╭─ RECORDS FOR THE EXERCISE

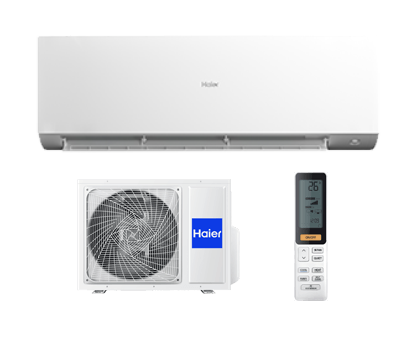 Wall air conditioner HAIER Nordic Flexis Plus 3.5kW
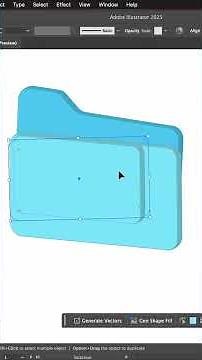 Learn Graphic Design with Adobe Illustrator 🎨 | Beginner Friendly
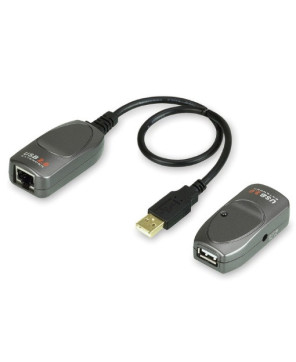 Buy Aten UCE260 1-Port USB 2.0 Over Cat5 Extender UCE260-AT-U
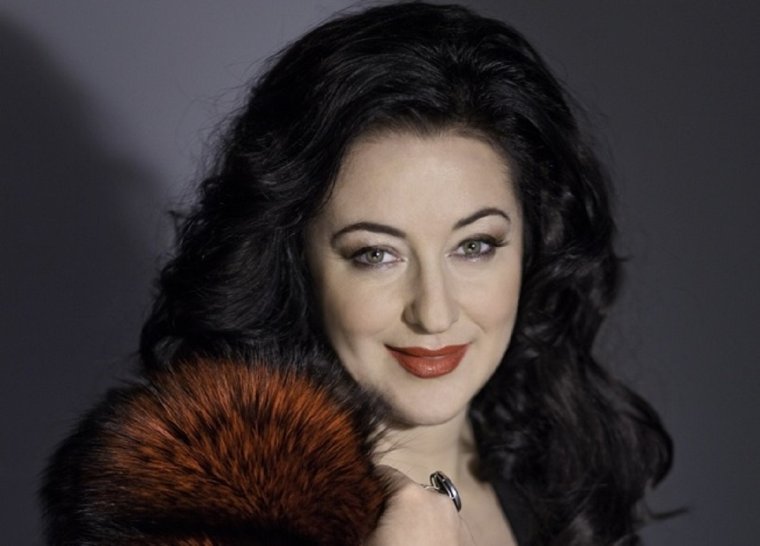 Тамара Гвердцители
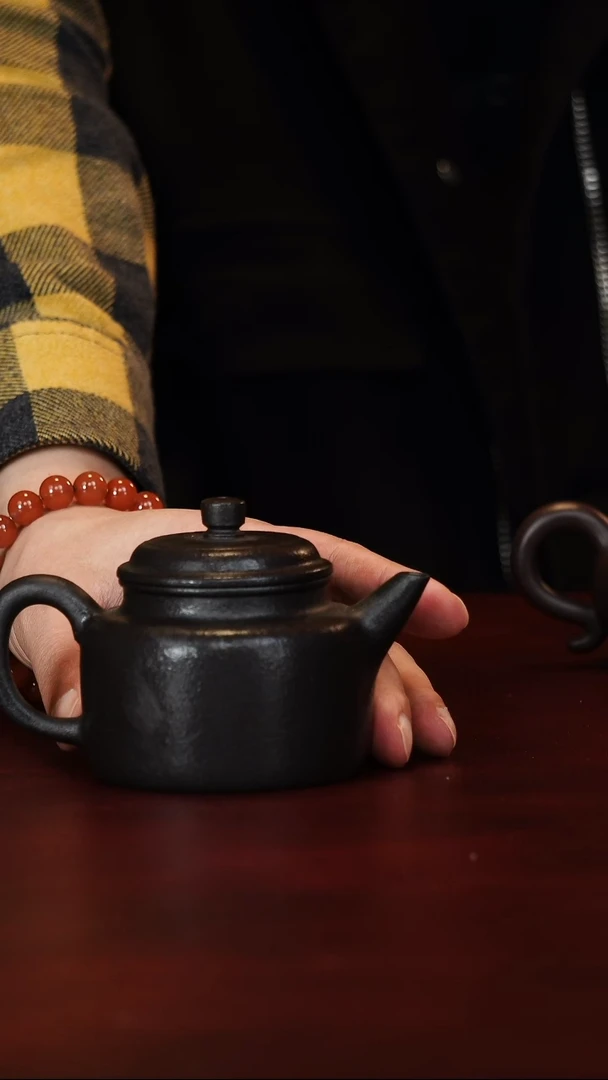 奚亮-全手工-德钟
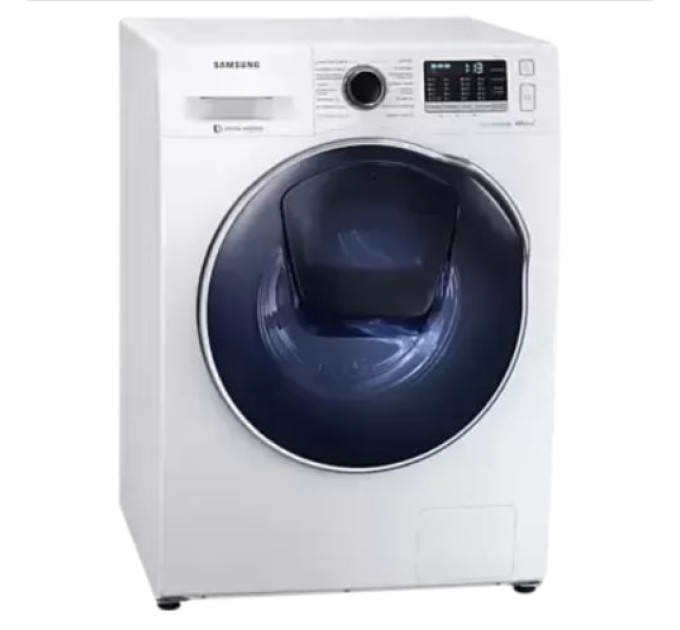 Прально-сушильна машина Samsung WD8NK52E0ZW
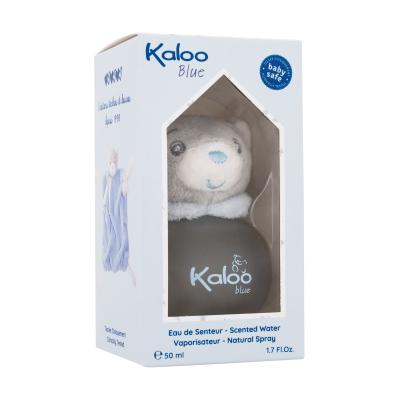 Kaloo Blue Körperspray für Kinder 50 ml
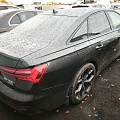 Audi A6, 2018, 194 441 км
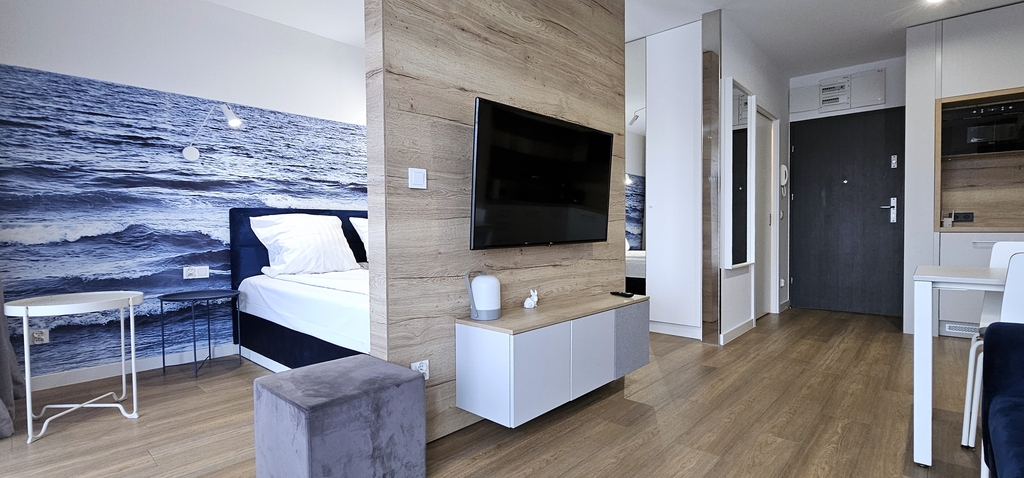 Mieszkanie na sprzedaż Dziwnów 31 m2 | Arka Nieruchomości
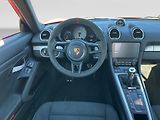 Porsche Cayman 718 GT4 - náhled 17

╰─

Your copy must consist solely of the lines from the one containing "Тамара Гвердцители" through the final line of the material above, transcribed exactly, with the pictures left out.

RESULT FOR THIS TASK:
 Тамара Гвердцители
 奚亮-全手工-德钟
 Прально-сушильна машина Samsung WD8NK52E0ZW
 Kaloo Blue Körperspray für Kinder 50 ml
 Audi A6, 2018, 194 441 км
 Mieszkanie na sprzedaż Dziwnów 31 m2 | Arka Nieruchomości
 Porsche Cayman 718 GT4 - náhled 17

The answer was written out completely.